A cautionary tale on brokered deposits
The Federal Deposit Insurance Corp. is considering changing its rules governing brokered deposits, as American Banker recently reported. A number of bankers have urged the FDIC to liberalize the current rules so they might fund their banks more readily and extensively by purchasing money from deposit brokers. I would caution bankers and the FDIC to tread cautiously in this area.
Extraordinarily high interest rates during the late 1970s and early 1980s — when the prime lending rate reached a high of 21.5% — caused a massive outflow of deposits from banks and thrifts into money market funds, Treasury bills and other investments paying higher interest rates than banks and thrifts. Congress and the regulators were forced to eliminate deposit interest rates controls on banks and thrifts to prevent a meltdown of the industry due to massive deposit disintermediation.
Regrettably, deregulation of interest rates on deposits of $100,000 and above gave rise to the practice of money brokers raising vast sums of money from individuals, businesses, and even credit unions and bundling the funds for sale to the banks and thrifts that bid the highest price, which were nearly always the banks and thrifts that had the highest risk profile.
As the bank failure rate began its dramatic rise, we found an increasing number of failed banks had large amounts of fully insured brokered funds. We felt we had to take strong actions to stop this massive abuse of the deposit insurance system, which was intended to protect relatively small, unsophisticated depositors, not institutions sweeping up billions of dollars from investors to fund the reckless growth of high-risk banks and thrifts.
We addressed the problems on every front available to us, including publicizing the amount of brokered funds in each failed bank and naming the brokers that placed those funds. We took enforcement actions against banks making excessive use of brokered funds.
Our strongest and most controversial action was to adopt a regulation eliminating “pass-through” deposit insurance coverage on deposits by brokers. In short, we treated the broker as the depositor, not the broker’s customers. This meant that if a money broker placed $200 million in a bank, the broker was limited to $100,000 of insurance coverage.
Our intention was to allow the free market to operate.
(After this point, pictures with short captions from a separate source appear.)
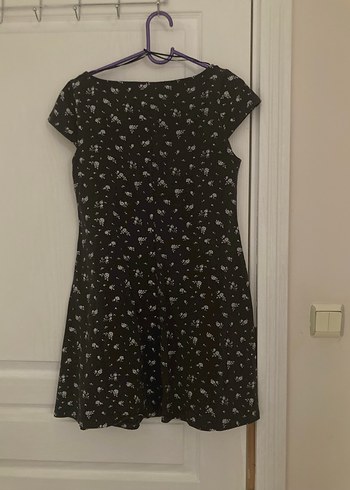 H&M Siyah V Yaka Kısa Kollu Gotik Midi Elbise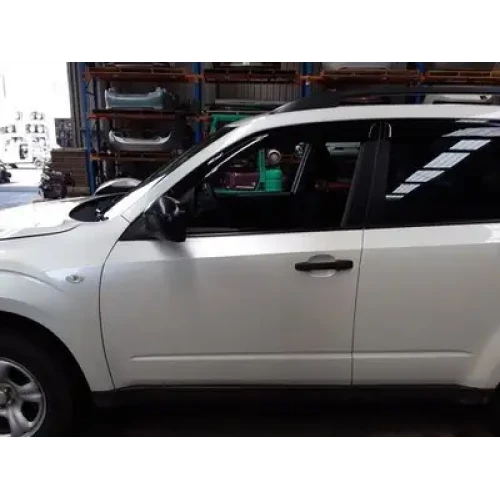 SUBARU FORESTER LEFT FRONT DOOR 02/08-12/12  2011
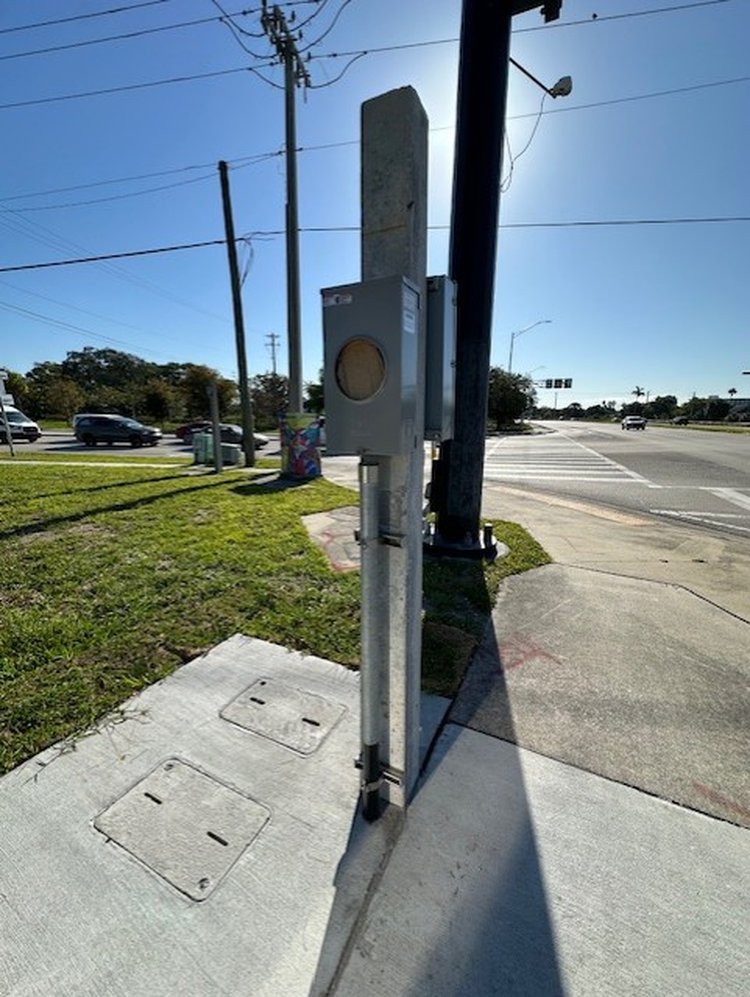 Pull boxes on NW quadrant of NW 31st Ave.   April 2024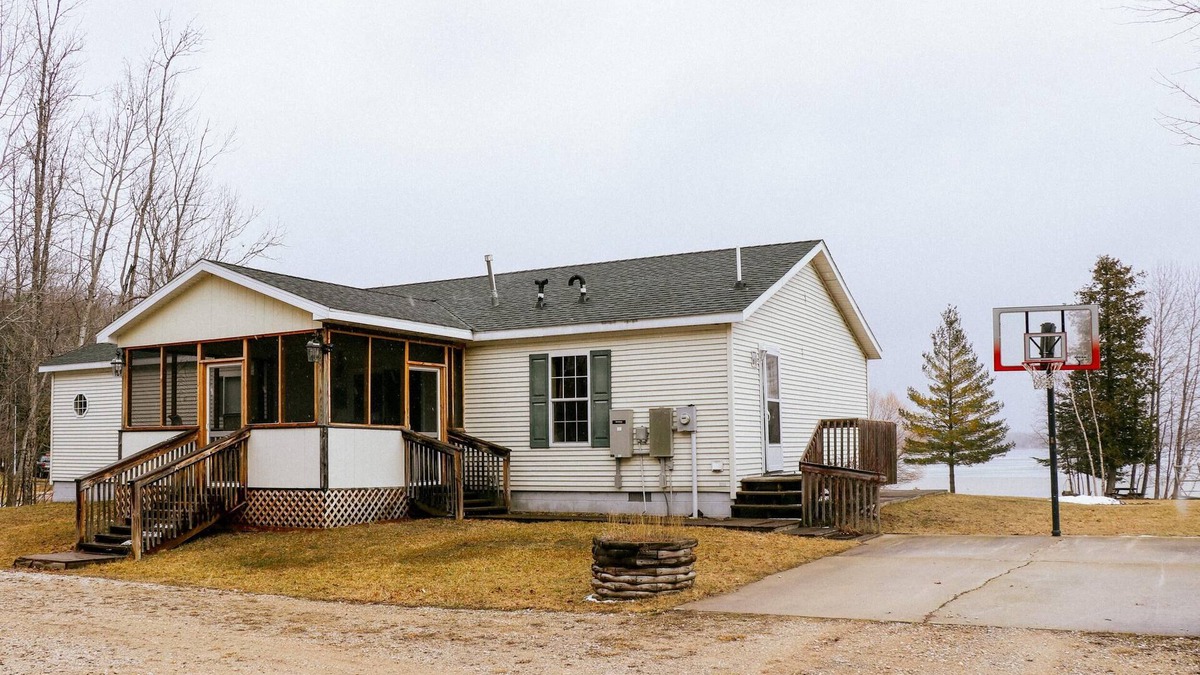 Germfask House | Waterfront Retreat on South Manistique Lake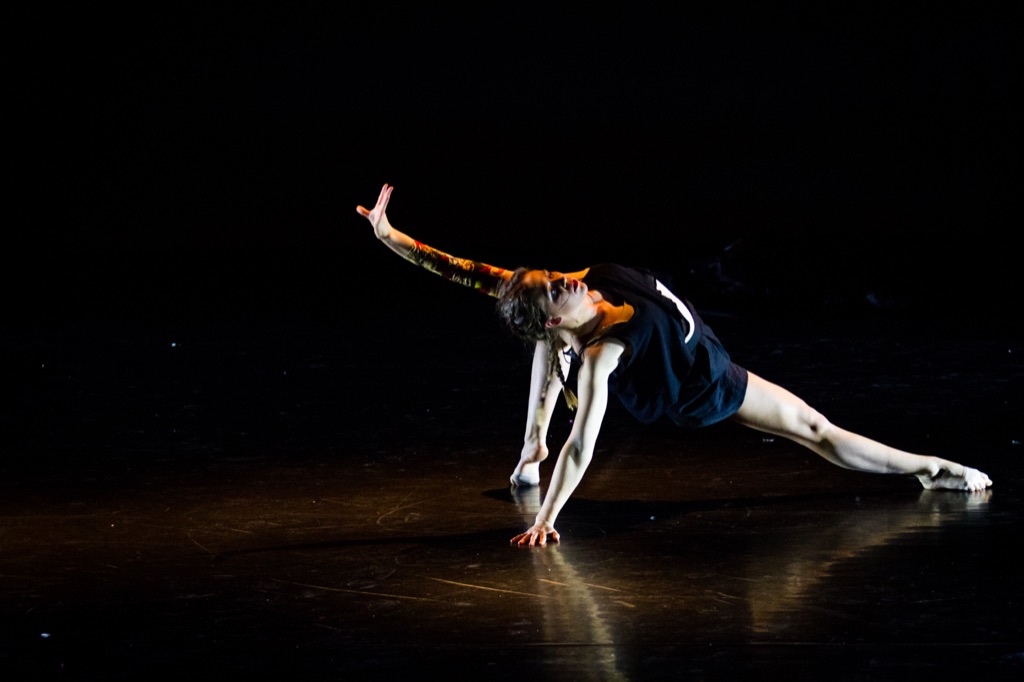 Danseur en fente profonde, éclairage bleu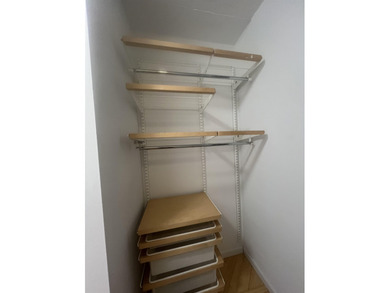 BRIGHT AND SUNNY,TASTEFULLY RE-IMAGINED OPEN-PLAN ONE BEDRM/1.5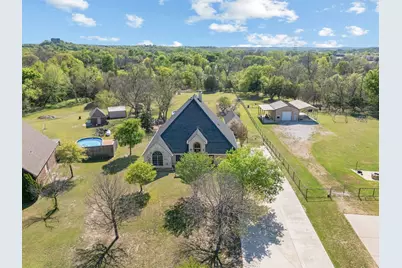 112 Waterfall Court, Azle, TX 76020 - Photo 37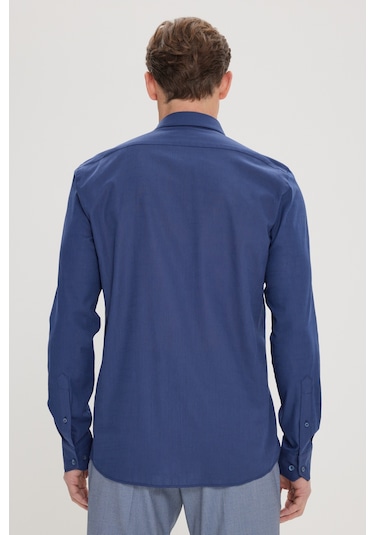 AC&Co / Altınyıldız Classics Erkek LACI Tailored Slim Fit Dar Kesim Düğmeli Yaka %100 Pamuk Gömlek Lacivert AC&Co / Altınyıldız Classics Erkek LACI Tailored Slim Fit Dar Kesim Düğmeli Yaka %100 Pamuk Gömlek Lacivert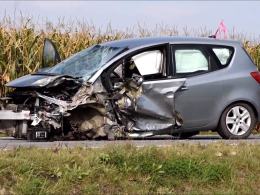 Tragiczny wypadek w Prudniku. W wyniku czołowego zderzenia pojazdów zginęła 77-latka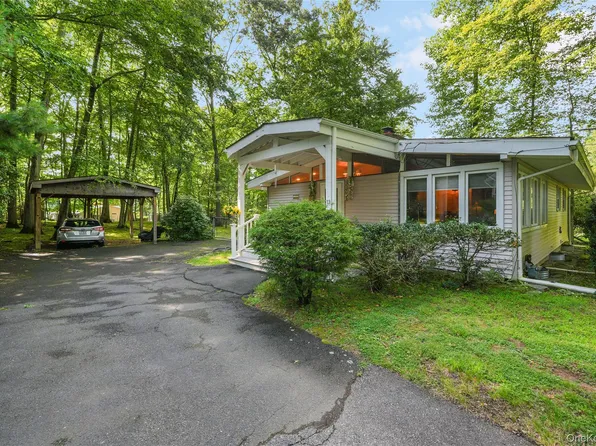 29 Fay Road, New City, NY 10956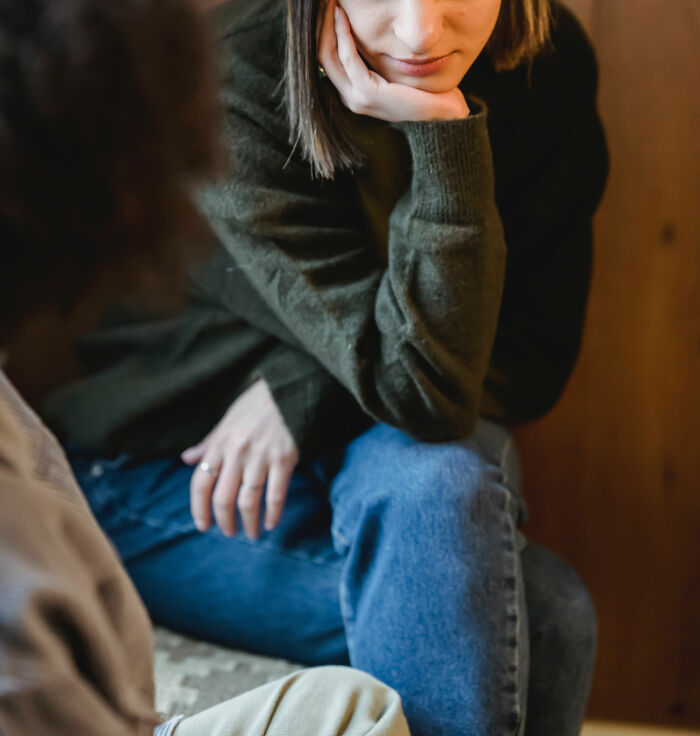 27 People Share ‘Cry For Help’ Signs That Aren’t So Obvious 27 People Share ‘Cry For Help’ Signs That Aren’t So Obvious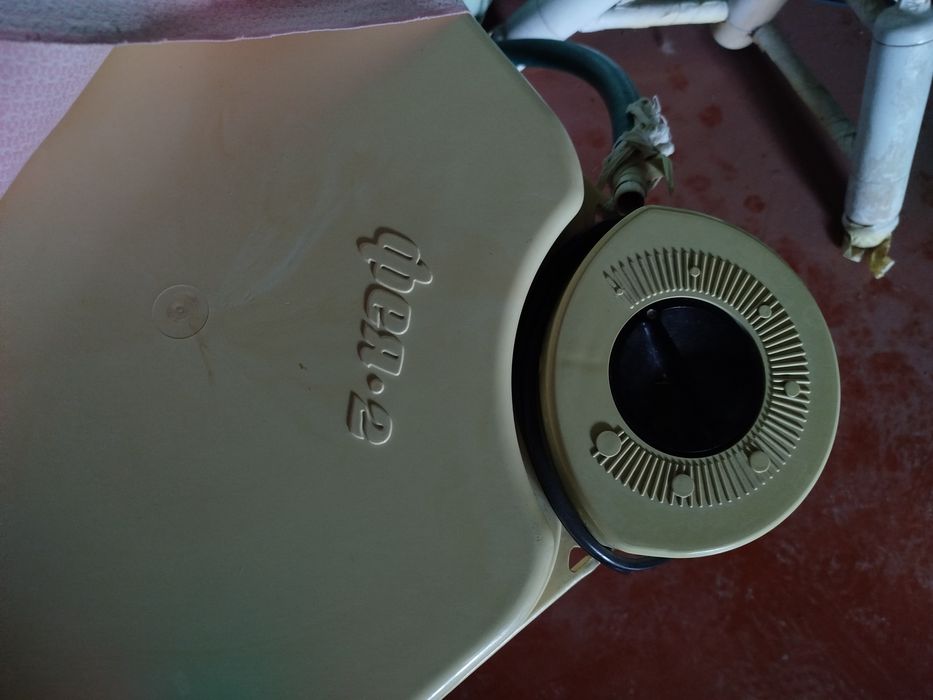 Бытовая техника. Две стиральные машинки, плита и телевизор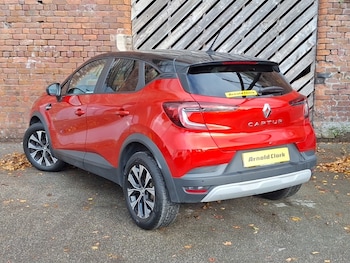 Used Renault Captur 2022 for sale - 78757034: Photo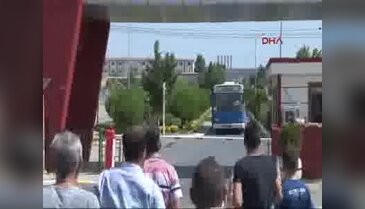 Silivri Cezaevi önünde tahliye hareketliliği - 1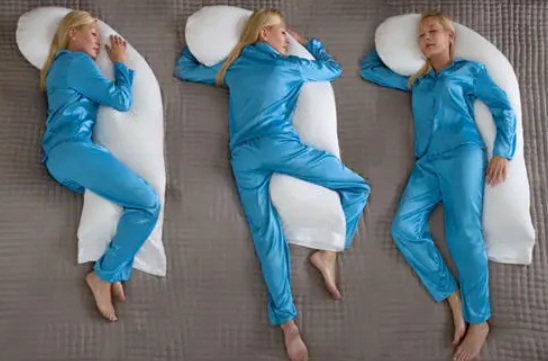 Cum îți poți păstra frumusețea pe timpul nopții. Poziția de somn recomandată de specialiști, ca să nu faci riduri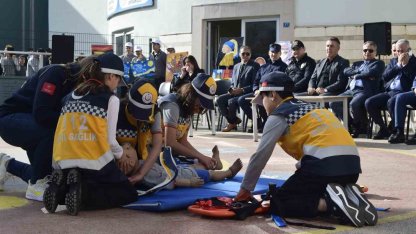 Aksu’da öğrenciler ‘Sağlık Elçisi’ belgelerini aldı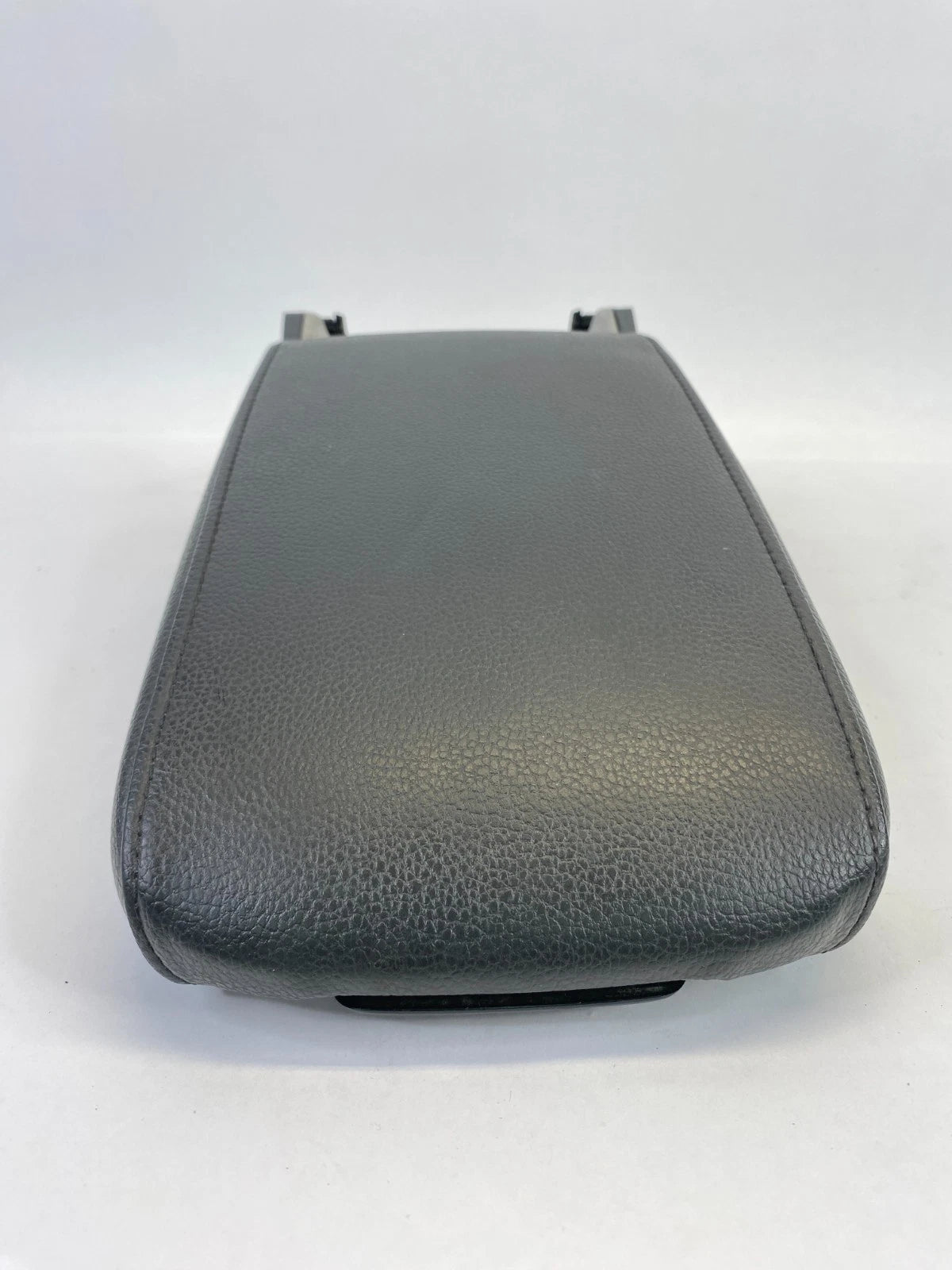 2013-2016 VOLKSWAGEN JETTA CENTER CONSOLE ARMREST ARM REST LID 5C6-864-207 OEM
The brokers were sophisticated firms that were perfectly capable of analyzing the condition of the banks and thrifts in which they were placing vast sums of money. They could weigh risk versus reward, unlike the smaller depositors that the FDIC was created to protect.
Money brokers contested the FDIC’s new regulation through every available means, including an intense media campaign and litigation. Regrettably, the Court of Appeals for the District of Columbia sided with the money brokers and ruled that the FDIC did not have the authority to interpret its law in this manner.
The floodgates were open. Money brokers raised hundreds of billions of dollars, collecting fees from investors. They placed the money in troubled banks and thrifts, collecting placement fees. Then they asked or required the recipient banks and thrifts to purchase junk bonds issued in corporate takeovers arranged by the money brokers and their friends.
It was the worst taxpayer scam in history, at least up to that point. We do not have accurate data because the FDIC stopped collecting the information after I left the agency at the end of 1985. But I have no doubt that the brokered deposit/junk bond scam needlessly cost taxpayers many tens of billions of dollars in the S&L fiasco.
It did not need to happen. We saw the problem coming, and we reacted to it quickly and strongly. We pleaded for help from Congress and got none. After taxpayers footed the $150 billion bill for cleaning up the S&L mess, Congress finally addressed the brokered deposit issue. It restricted the use of brokered funds by banks and thrifts that fell to unsatisfactory capital levels. In other words, Congress allowed the regulators to close the barn door after the horses were gone.
Here we sit over 30 years after this problem surfaced and after it again caused very substantial losses to the FDIC in the latest crisis. When are we going to summon the courage to solve this problem?
I know that the usage of brokered funds has become more sophisticated and complex in the past decade or two, but surely we can find ways to substantially curtail the abuses. With the deposit insurance limit now set at $250,000 there is even less justification to allow schemes to further expand the coverage.
Good bankers running sound and profitable institutions will inevitably bear the cost of expanding FDIC coverage of brokered deposits. Broker activity will run up the cost of funding for all banks and many banks will engage is higher-risk lending to cover the higher cost of funding. And when the next downturn comes, the FDIC will incur more substantial losses, which the sound banks that survive will be required to absorb.
The banking industry was forced to cover the $150 billion cost of cleaning up the S&L industry in the 1990s. Do bankers really want to go back to that future?